E o que história a moda brasileira não conta na opinião de Daise Rosas, consultora em empreendedorismo e também gestora da Black Pages Brazil? “Uma moda afro. E, quando apresenta, geralmente é de uma forma jocosa. Não apresenta com o glamour que a moda afro-brasileira possui desde a criação das estampas, que revelam a demonstração do poder ou da presença feminina ou masculina, até a questão da coletividade de um povo africano. Nossa cultura afro-brasileira precisa ser representada não exclusivamente pelo samba. A gente tem a moda que transcende esse processo de não-pertencimento que nos apresentam no cotidiano. Nós somos uma moda afro-brasileira na essência das nossas construções”.

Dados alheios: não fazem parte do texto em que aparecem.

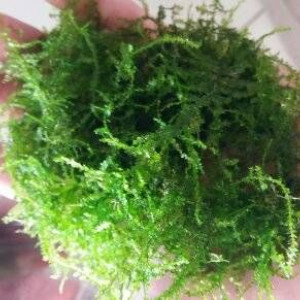 mousse de java (mousse pour aquarium) (plante)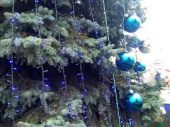 В Дружковке с новогодней елки украли шары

Para Dilmar Puri, idealizador da Universidade Indígena Pluriétnica Aldeia Marakanà, “a história indígena, assim como a história negra, não é contada. Ou, quando é contada, é de uma maneira estereotipada, super erotizada, digamos, negativa. Não serve para a causa indígena. Mas, para além disso, eu gostaria de chamar a atenção das pessoas que trabalham com moda que precisam respeitar os códigos sagrados para determinados povos. O indígena quer respeito
Mohammed, nascido na Costa do Marfim, e doutor em Letras pela USP, lembra que “As pessoas que vieram da África e foram escravizadas não podiam usar as roupas tal qual as que eram confeccionadas no continente. A partir da Abolição da Escravatura até os anos 1970, foi tímida a vinda de africanos ao Brasil. A partir daí, já sentimos a presença dos africanos por conta de convênios entre universidades do Brasil e da África. Só nos anos 90, é que os africanos que chegam aqui assumem totalmente a sua identidade ao se vestir e o negro afro-brasileiro tem a oportunidade de fazer uma grande conexão”.

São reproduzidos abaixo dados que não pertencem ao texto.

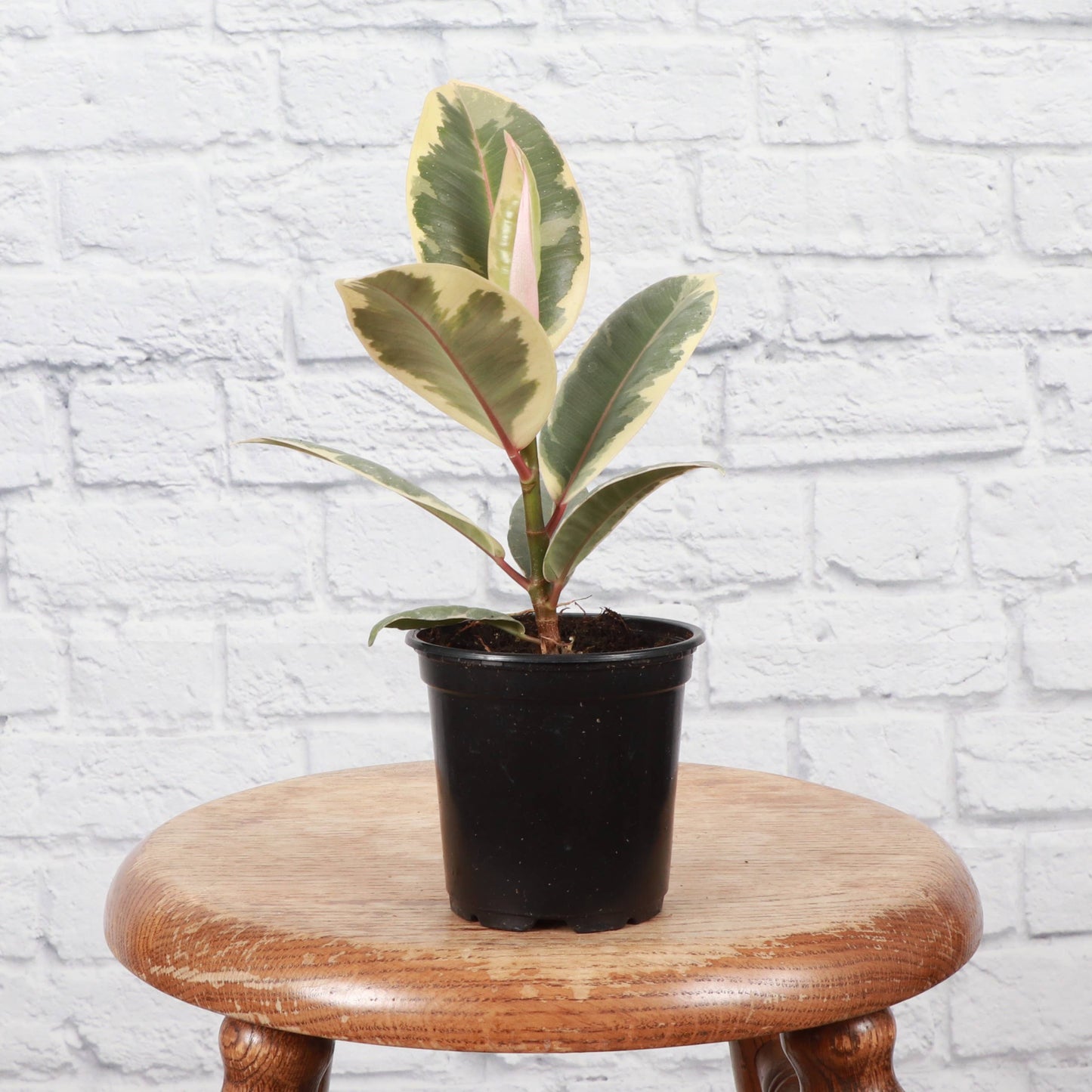 Tineke Rubber Plant - Live Plant: 4" Pot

E como é a visão do brasileiro com relação à diversidade dos povos africanos? Mohammed lembra que, na faculdade de Letras, ele era o único negro em sala de aula. E, na sua terra natal, a Costa do Marfim, os homens usam determinados uniformes quando estão no primário, no secundário. “No entanto, quando chegam à universidade, a sociedade considera que você já é responsável o suficiente para se vestir de forma social, uma junção entre a tradição africana e a modernidade. Aqui no Brasil, alguns colegas de faculdade diziam que gostavam dos tecidos, mas que não usariam. Outros diziam que nós éramos príncipes na África. Os tecidos africanos só começaram a ser vendidos com força no Brasil a partir de 2009. Até então, a gente precisava trazer nossas roupas confeccionadas por alfaiates e feitas sob medida”, revela, acrescentando que “nos países onde existem classes sociais, as pessoas estão preocupadas com o ter, enquanto nas castas da África, elas se preocupam com o ser, a essência”.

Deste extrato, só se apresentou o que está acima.